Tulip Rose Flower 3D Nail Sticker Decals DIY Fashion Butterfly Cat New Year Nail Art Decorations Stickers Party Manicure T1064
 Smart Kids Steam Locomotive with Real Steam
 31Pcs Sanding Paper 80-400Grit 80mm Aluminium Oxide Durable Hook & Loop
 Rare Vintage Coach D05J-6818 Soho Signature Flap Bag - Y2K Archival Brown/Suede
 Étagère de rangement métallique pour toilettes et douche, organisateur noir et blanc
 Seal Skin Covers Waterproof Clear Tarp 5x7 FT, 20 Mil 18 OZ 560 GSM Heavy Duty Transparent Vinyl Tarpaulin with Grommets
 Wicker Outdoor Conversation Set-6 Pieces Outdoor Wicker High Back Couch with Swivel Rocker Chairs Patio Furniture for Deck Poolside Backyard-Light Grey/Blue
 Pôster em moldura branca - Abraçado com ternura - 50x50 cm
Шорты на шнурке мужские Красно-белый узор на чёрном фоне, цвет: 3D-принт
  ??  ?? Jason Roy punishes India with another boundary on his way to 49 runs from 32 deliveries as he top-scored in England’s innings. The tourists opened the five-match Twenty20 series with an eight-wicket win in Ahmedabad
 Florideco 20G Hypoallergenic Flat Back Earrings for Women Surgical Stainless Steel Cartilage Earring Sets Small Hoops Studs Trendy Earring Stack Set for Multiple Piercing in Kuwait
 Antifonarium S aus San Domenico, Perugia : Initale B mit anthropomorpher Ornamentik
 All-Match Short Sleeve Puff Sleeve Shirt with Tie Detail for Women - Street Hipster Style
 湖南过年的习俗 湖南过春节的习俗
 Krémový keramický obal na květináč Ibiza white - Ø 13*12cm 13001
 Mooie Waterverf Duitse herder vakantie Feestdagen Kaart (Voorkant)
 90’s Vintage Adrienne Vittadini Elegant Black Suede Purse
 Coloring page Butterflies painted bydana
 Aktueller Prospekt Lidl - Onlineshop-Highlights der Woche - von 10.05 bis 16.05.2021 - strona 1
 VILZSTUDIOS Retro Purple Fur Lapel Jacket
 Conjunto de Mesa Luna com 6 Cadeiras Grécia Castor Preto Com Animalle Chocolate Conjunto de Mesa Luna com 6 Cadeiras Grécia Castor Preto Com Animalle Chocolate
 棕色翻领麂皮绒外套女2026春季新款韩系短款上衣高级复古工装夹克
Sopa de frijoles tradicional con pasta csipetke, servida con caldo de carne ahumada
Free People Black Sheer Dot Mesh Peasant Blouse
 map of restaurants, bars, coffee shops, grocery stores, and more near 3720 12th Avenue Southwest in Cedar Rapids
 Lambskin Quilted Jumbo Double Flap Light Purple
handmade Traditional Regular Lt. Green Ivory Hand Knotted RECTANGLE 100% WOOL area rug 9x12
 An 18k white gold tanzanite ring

=====

[REQUIREMENT]:
Bring together all lines of the entries above in which the string "Women" occurs.

[WRITTEN ANSWER]:
 Florideco 20G Hypoallergenic Flat Back Earrings for Women Surgical Stainless Steel Cartilage Earring Sets Small Hoops Studs Trendy Earring Stack Set for Multiple Piercing in Kuwait
 All-Match Short Sleeve Puff Sleeve Shirt with Tie Detail for Women - Street Hipster Style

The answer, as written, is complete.